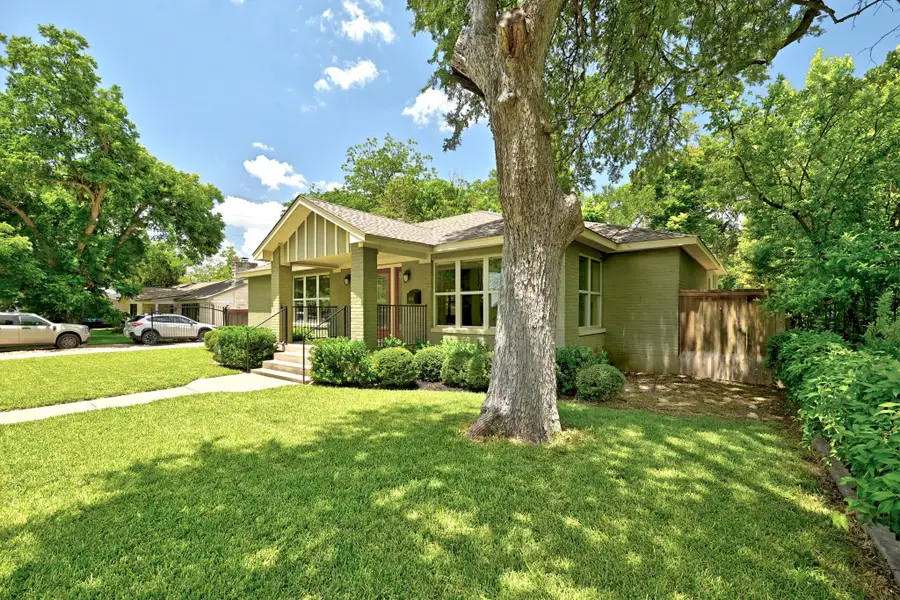 3804 Avenue G, Austin, TX 78751 - #2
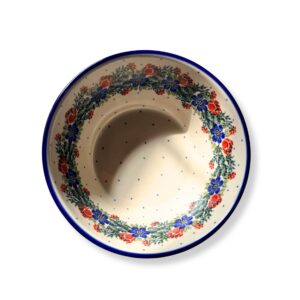 salaterka wianek ca 17cm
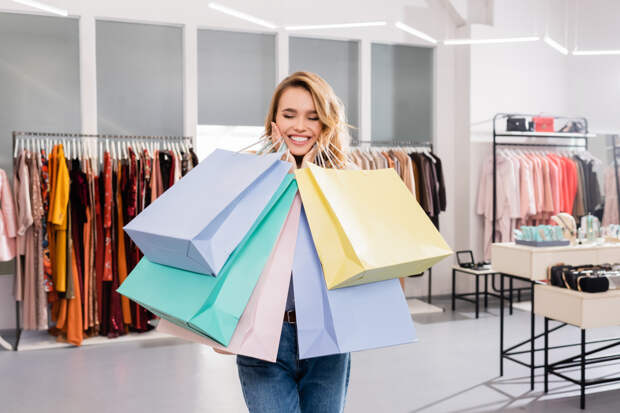 У покупателей в России появится право возвращать товары любым способом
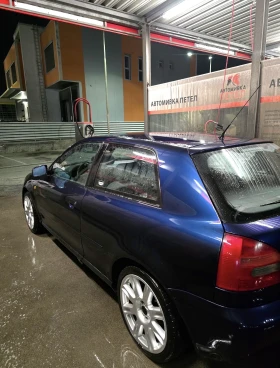 Audi A3, снимка 2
☆ ☆ ☆ ☆
_REQUIRED WORK:_
Apart from the images, reproduce the listing exactly as it appears.

_OUTPUT OF THE EXERCISE:_
 3804 Avenue G, Austin, TX 78751 - #2
 salaterka wianek ca 17cm
 У покупателей в России появится право возвращать товары любым способом
 Audi A3, снимка 2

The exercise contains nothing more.